In mortgage refinancing, a property owner, often someone who has a mortgage on their home, takes out a second mortgage that has better terms than the first mortgage did. In the process, the mortgage holder pays off the old mortgage, essentially replacing one loan with another. If the new mortgages terms are chosen carefully, mortgage refinancing can be a valuable method of improving ones finances.
For instance, a lower interest rate is generally a sign that a mortgage is a good investment. In determining the total cost of any type of loan, the interest rate is the variable with the most weight, so a mortgage with a lower interest rate usually offers substantial savings. However, if a new mortgage offers a lower monthly payment, but the interest rate is no lower than the old mortgages interest rate, the new mortgage will have a higher total cost. This effect can be seen in mortgages that have a higher interest rate but drop the monthly payments by extending the term of the loan. This type of loan should be chosen only when the homeowner is having difficulty making higher payments at the moment, but foresees being able to pay more per month in the future.

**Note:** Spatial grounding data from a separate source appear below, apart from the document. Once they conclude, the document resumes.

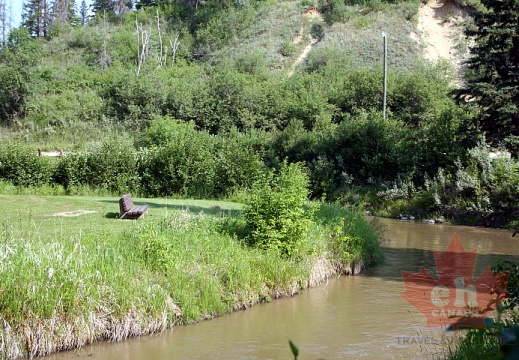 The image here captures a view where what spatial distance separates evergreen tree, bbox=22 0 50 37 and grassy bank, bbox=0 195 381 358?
88722mm

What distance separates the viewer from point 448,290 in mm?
13289

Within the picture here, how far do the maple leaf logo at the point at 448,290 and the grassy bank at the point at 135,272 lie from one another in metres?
1.95

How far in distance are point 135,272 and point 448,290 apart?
7.49m

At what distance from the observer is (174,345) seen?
32.4 feet

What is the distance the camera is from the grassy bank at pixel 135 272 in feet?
30.1

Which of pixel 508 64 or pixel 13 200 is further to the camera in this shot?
pixel 508 64

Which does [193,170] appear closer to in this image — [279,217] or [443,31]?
[279,217]

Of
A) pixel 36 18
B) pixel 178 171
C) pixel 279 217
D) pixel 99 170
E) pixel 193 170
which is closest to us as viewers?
pixel 279 217

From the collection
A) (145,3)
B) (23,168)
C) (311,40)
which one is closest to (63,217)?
(23,168)

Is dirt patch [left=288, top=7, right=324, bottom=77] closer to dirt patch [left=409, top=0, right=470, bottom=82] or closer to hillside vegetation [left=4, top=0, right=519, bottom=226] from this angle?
hillside vegetation [left=4, top=0, right=519, bottom=226]

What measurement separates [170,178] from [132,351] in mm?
18250

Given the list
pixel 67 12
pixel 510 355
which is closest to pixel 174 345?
pixel 510 355

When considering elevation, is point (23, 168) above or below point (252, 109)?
below

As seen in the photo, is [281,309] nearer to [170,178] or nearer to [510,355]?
[510,355] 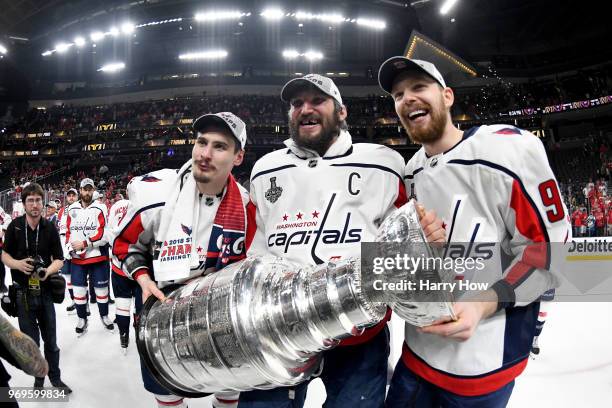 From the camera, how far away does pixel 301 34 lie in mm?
20625

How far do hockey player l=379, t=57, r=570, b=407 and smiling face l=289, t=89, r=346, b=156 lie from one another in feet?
0.92

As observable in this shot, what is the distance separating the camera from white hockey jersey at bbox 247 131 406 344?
4.79 ft

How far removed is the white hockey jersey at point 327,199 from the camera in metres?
1.46

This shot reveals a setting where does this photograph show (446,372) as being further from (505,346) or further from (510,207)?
(510,207)

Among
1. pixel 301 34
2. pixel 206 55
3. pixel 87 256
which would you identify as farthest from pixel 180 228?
pixel 206 55

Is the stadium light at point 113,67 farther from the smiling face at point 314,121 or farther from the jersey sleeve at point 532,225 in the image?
the jersey sleeve at point 532,225

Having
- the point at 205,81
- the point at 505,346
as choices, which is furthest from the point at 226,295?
the point at 205,81

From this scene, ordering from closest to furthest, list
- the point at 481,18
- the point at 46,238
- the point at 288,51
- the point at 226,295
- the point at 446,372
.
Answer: the point at 226,295 → the point at 446,372 → the point at 46,238 → the point at 481,18 → the point at 288,51

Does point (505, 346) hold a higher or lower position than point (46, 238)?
Answer: lower

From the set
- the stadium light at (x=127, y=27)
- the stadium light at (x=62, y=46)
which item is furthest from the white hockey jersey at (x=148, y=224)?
the stadium light at (x=62, y=46)

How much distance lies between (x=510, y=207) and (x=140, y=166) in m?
23.3

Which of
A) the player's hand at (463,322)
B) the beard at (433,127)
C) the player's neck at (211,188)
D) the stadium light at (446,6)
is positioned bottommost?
the player's hand at (463,322)

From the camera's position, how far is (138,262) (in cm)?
183

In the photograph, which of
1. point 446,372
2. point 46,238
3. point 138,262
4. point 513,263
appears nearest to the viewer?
point 513,263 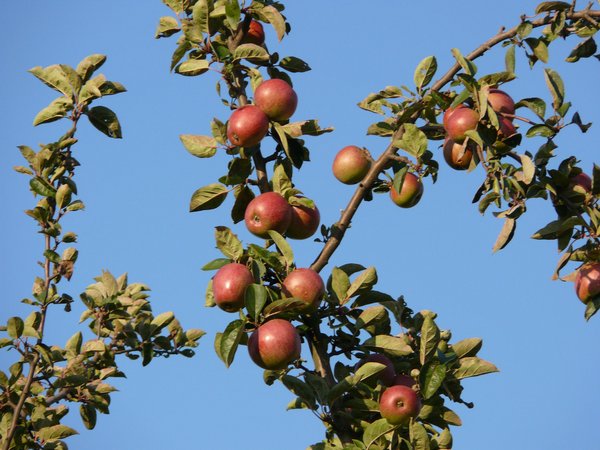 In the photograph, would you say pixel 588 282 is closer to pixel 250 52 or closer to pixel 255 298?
pixel 255 298

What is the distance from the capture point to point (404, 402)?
3361mm

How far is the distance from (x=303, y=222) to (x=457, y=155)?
0.71 metres

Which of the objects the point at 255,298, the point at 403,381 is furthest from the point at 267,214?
the point at 403,381

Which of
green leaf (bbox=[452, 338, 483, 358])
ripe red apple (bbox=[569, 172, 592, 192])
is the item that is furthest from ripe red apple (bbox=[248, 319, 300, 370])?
ripe red apple (bbox=[569, 172, 592, 192])

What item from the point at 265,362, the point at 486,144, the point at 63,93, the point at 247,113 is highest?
the point at 63,93

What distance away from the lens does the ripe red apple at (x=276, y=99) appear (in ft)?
12.3

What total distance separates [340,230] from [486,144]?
0.73 meters

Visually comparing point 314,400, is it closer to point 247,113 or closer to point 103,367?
point 247,113

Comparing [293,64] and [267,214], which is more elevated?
[293,64]

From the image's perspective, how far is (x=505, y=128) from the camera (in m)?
3.35

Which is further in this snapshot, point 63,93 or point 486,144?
point 63,93

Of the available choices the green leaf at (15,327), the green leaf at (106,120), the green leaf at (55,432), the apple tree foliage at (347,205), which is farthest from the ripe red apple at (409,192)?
the green leaf at (55,432)

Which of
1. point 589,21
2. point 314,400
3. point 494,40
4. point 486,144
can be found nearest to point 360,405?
point 314,400

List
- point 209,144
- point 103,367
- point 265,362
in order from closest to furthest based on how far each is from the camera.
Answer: point 265,362 → point 209,144 → point 103,367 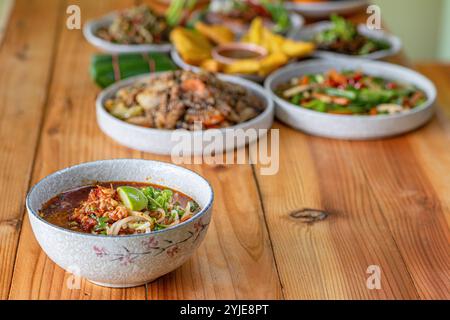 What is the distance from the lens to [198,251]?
5.29 feet

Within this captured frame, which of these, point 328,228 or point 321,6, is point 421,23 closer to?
point 321,6

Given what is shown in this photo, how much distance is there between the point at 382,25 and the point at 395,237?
1.72 m

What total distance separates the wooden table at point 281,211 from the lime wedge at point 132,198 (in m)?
0.15

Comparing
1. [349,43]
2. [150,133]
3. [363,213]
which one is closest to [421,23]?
[349,43]

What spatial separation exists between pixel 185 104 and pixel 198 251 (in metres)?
0.63

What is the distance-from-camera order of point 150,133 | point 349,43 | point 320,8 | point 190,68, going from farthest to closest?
point 320,8, point 349,43, point 190,68, point 150,133

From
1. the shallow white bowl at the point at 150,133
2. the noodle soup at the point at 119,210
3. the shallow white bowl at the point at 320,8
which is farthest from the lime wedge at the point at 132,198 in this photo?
the shallow white bowl at the point at 320,8

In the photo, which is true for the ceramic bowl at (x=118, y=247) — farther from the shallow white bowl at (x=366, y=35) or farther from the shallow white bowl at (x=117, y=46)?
the shallow white bowl at (x=366, y=35)

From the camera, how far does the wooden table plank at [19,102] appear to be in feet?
5.63

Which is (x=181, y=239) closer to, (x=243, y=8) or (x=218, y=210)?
(x=218, y=210)

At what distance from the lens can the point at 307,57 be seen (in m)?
2.79

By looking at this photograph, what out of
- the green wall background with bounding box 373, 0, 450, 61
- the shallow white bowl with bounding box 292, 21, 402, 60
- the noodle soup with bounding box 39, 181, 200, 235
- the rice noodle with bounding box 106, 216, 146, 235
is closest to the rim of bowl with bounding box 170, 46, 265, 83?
the shallow white bowl with bounding box 292, 21, 402, 60

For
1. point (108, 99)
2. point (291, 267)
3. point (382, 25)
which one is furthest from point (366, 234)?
point (382, 25)

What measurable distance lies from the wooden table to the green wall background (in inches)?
118
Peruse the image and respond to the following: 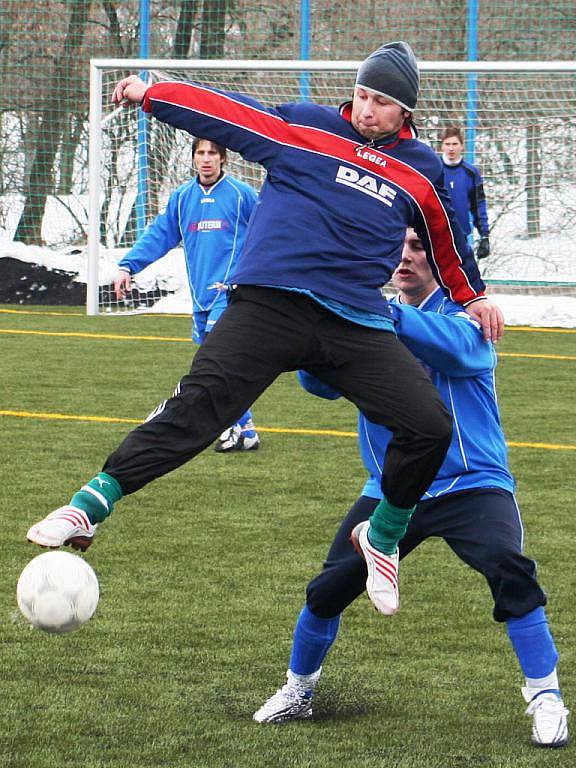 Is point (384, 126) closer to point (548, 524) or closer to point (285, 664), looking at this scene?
point (285, 664)

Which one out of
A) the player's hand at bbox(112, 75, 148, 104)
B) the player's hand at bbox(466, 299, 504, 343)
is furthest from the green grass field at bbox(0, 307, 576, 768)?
the player's hand at bbox(112, 75, 148, 104)

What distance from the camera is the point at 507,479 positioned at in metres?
4.11

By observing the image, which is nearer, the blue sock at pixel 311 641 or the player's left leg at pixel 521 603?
the player's left leg at pixel 521 603

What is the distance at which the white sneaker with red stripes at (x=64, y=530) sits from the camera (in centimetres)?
350

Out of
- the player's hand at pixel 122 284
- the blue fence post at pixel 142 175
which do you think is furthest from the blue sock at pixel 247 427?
the blue fence post at pixel 142 175

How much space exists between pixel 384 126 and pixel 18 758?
2.08 metres

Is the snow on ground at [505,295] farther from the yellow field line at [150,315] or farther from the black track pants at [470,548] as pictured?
the black track pants at [470,548]

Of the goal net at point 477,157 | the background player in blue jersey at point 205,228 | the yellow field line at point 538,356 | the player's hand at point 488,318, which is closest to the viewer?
the player's hand at point 488,318

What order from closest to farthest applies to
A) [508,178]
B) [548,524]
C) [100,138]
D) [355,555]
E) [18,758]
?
[18,758], [355,555], [548,524], [100,138], [508,178]

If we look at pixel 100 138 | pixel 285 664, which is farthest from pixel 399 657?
pixel 100 138

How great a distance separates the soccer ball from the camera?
354 centimetres

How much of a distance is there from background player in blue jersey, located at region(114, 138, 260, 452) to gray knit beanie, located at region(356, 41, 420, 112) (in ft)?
16.0

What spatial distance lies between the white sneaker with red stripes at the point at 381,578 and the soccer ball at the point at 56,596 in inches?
30.6

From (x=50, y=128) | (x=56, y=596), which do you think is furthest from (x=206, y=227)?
(x=50, y=128) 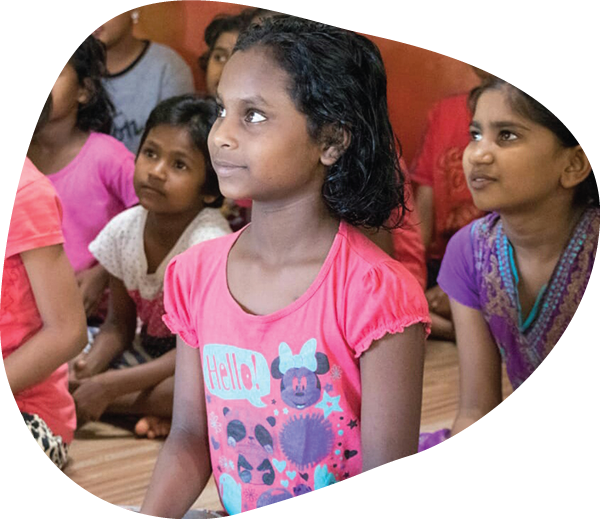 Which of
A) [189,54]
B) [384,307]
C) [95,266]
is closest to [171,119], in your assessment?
[189,54]

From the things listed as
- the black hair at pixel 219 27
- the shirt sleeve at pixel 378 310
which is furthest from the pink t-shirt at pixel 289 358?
the black hair at pixel 219 27

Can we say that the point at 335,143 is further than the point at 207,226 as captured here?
No

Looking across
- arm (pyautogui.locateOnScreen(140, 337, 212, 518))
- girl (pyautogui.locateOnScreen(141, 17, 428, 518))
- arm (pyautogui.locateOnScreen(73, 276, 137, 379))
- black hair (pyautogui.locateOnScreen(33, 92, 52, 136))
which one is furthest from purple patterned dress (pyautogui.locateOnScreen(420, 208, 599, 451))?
black hair (pyautogui.locateOnScreen(33, 92, 52, 136))

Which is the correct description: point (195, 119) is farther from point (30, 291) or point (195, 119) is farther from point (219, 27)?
point (30, 291)

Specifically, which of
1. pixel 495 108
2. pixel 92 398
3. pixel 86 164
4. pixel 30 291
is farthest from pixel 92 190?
pixel 495 108

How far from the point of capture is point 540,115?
1214 mm

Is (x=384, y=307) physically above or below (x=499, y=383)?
above

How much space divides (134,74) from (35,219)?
197 mm

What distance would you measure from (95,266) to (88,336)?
8 centimetres

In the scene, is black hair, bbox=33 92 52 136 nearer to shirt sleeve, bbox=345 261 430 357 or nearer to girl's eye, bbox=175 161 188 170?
girl's eye, bbox=175 161 188 170

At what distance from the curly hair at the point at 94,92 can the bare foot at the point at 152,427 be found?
0.33 meters

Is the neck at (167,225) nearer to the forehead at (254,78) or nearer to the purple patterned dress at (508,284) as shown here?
the forehead at (254,78)

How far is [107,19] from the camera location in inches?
49.9

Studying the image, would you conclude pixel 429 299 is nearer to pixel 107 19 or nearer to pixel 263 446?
pixel 263 446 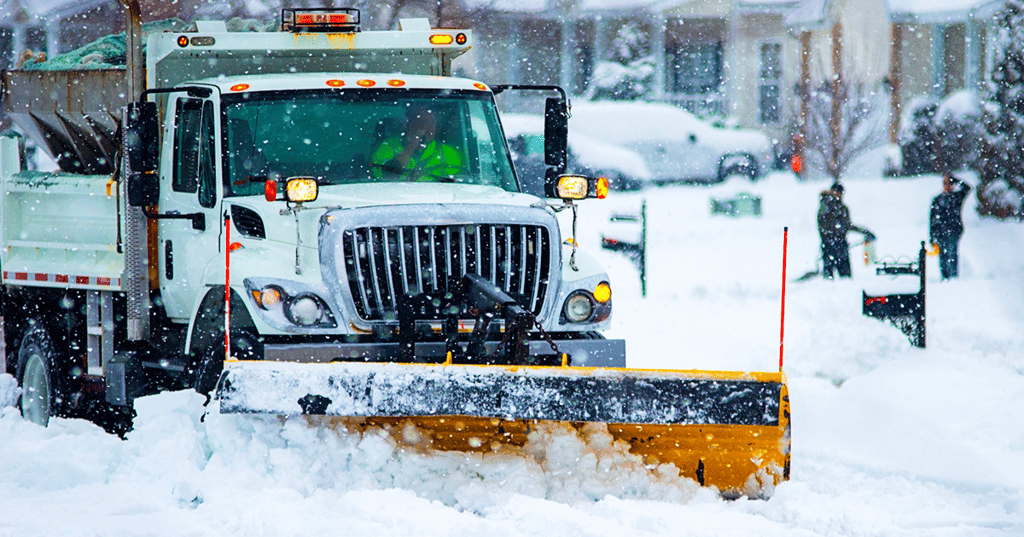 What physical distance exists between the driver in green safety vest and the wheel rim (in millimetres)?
3339

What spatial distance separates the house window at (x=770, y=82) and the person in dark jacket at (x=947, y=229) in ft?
49.6

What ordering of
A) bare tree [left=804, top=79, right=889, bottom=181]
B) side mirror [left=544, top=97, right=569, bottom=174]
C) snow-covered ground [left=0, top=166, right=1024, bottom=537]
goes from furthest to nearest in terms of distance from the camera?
Result: bare tree [left=804, top=79, right=889, bottom=181] < side mirror [left=544, top=97, right=569, bottom=174] < snow-covered ground [left=0, top=166, right=1024, bottom=537]

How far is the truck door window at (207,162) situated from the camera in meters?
7.43

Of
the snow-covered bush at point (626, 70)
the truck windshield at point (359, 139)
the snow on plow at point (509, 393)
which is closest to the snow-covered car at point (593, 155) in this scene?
the snow-covered bush at point (626, 70)

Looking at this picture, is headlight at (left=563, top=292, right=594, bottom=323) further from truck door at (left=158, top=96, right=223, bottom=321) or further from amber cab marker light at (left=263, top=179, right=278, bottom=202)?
truck door at (left=158, top=96, right=223, bottom=321)

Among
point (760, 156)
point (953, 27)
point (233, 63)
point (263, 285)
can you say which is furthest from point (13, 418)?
point (953, 27)

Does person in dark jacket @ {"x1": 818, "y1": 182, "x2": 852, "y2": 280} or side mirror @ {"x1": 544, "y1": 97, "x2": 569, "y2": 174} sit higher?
side mirror @ {"x1": 544, "y1": 97, "x2": 569, "y2": 174}

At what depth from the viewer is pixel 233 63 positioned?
27.5 ft

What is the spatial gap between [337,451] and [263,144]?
7.11 ft

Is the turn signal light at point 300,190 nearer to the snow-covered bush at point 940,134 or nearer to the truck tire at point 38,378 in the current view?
the truck tire at point 38,378

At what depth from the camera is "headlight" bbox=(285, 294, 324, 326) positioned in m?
6.41

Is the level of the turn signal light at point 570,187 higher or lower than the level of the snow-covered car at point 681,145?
lower

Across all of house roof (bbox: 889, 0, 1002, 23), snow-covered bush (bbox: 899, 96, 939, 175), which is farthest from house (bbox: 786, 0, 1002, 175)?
snow-covered bush (bbox: 899, 96, 939, 175)

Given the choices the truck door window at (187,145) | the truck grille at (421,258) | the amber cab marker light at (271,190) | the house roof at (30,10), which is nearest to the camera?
the truck grille at (421,258) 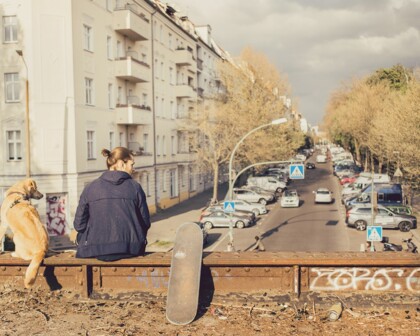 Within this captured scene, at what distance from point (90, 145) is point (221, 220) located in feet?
33.1

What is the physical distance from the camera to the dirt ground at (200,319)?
4.46 metres

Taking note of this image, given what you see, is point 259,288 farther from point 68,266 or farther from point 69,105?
point 69,105

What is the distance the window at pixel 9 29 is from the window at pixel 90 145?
6.60 m

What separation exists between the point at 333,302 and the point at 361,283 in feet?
1.25

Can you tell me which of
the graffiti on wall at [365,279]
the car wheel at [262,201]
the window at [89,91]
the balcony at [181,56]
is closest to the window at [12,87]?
the window at [89,91]

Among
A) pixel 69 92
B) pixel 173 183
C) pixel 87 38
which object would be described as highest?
pixel 87 38

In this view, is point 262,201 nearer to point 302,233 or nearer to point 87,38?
point 302,233

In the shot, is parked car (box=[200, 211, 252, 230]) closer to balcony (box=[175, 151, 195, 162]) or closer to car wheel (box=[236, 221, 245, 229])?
car wheel (box=[236, 221, 245, 229])

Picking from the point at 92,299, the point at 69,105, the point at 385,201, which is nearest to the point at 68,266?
the point at 92,299

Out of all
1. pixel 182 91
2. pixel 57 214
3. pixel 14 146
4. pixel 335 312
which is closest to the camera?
pixel 335 312

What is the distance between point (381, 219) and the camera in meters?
32.5

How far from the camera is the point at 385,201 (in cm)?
3978

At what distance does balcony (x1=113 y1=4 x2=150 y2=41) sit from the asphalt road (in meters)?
14.5

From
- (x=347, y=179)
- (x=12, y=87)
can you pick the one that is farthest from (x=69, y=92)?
(x=347, y=179) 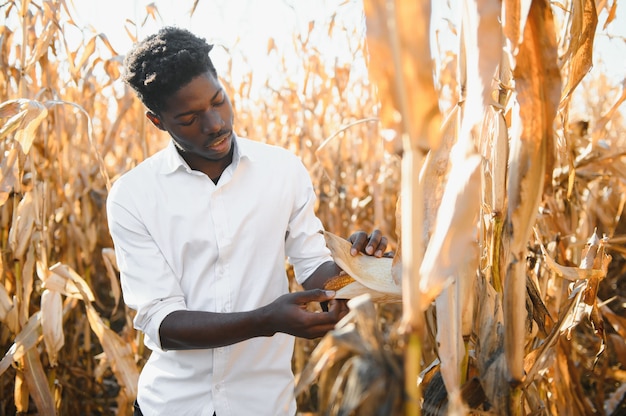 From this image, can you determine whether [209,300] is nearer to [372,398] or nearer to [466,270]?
[466,270]

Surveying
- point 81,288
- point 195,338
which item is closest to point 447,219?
point 195,338

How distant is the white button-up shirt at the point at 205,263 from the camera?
3.73 ft

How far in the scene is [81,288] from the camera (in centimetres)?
141

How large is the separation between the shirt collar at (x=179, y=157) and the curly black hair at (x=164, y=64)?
10 cm

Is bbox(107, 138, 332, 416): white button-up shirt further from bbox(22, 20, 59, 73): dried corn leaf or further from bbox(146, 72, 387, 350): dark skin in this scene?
bbox(22, 20, 59, 73): dried corn leaf

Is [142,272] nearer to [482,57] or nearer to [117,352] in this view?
[117,352]

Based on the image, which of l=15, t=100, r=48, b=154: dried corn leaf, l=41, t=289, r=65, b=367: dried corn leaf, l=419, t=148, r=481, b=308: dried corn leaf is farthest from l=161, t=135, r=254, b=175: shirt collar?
l=419, t=148, r=481, b=308: dried corn leaf

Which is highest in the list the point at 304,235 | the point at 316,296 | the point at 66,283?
the point at 316,296

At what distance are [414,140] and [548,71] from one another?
24 cm

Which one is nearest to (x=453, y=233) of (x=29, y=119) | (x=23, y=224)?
(x=29, y=119)

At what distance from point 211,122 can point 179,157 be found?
0.13m

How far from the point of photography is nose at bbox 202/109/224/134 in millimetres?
1115

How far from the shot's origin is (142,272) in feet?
3.69

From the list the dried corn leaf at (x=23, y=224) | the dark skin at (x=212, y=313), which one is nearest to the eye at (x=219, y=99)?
the dark skin at (x=212, y=313) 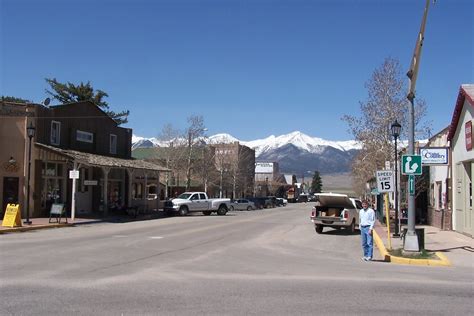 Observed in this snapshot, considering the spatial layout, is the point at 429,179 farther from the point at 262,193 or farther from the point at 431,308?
the point at 262,193

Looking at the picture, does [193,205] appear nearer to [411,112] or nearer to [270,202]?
[411,112]

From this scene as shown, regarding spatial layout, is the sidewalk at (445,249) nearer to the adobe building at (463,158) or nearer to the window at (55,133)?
the adobe building at (463,158)

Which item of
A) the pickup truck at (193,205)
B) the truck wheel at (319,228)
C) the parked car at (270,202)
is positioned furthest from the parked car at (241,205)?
the truck wheel at (319,228)

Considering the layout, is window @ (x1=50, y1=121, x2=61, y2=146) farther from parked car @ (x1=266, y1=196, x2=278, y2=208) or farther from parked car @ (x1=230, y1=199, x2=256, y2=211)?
parked car @ (x1=266, y1=196, x2=278, y2=208)

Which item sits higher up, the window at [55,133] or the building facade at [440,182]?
the window at [55,133]

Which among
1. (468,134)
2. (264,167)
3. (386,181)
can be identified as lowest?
(386,181)

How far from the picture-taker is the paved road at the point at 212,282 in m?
8.49

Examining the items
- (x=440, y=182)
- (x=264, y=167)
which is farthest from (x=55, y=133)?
(x=264, y=167)

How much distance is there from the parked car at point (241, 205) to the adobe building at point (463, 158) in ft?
139

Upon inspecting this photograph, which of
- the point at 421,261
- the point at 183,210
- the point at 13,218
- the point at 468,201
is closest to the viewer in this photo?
the point at 421,261

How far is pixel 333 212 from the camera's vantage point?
87.7 feet

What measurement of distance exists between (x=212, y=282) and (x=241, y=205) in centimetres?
5683

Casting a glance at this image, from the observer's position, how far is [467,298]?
31.3 ft

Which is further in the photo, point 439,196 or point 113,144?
point 113,144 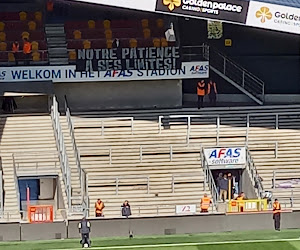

Another consideration is whether there are "hidden" fees associated with either the new or the old mortgage. For example, it is common for a mortgage to have fine print that requires the holder to pay a penalty if the mortgage is paid off within a set time after taking out the loan. The penalty is designed to prevent the mortgage holder from closing the loan too early for the bank to make a decent profit. Most mortgages have this kind of penalty attached, and normally the penalty period does not pose a problem. For instance, when the penalty period is one year on a twenty year loan, it is exceedingly unlikely that the mortgage holder will be able to get mortgage refinancing or to pay off the loan out of pocket within the penalty period. However, a longer penalty period can be troublesome, and can effectively prevent a homeowner from getting mortgage refinancing during a period of exceptionally low interest rates. The savings of a new mortgage with better terms may be completely offset by the fees incurred by paying off a mortgage within the penalty period.
However, mortgage refinancing is a sound financial move if the first mortgages penalty period has passed, interest rates are low, and fixed rate mortgages are available. Paying attention to all the terms, including the ones the lender does not point out, can pay off in major savings. With some thought and care, mortgage refinancing can lead to increased financial stability and a bright financial outlook.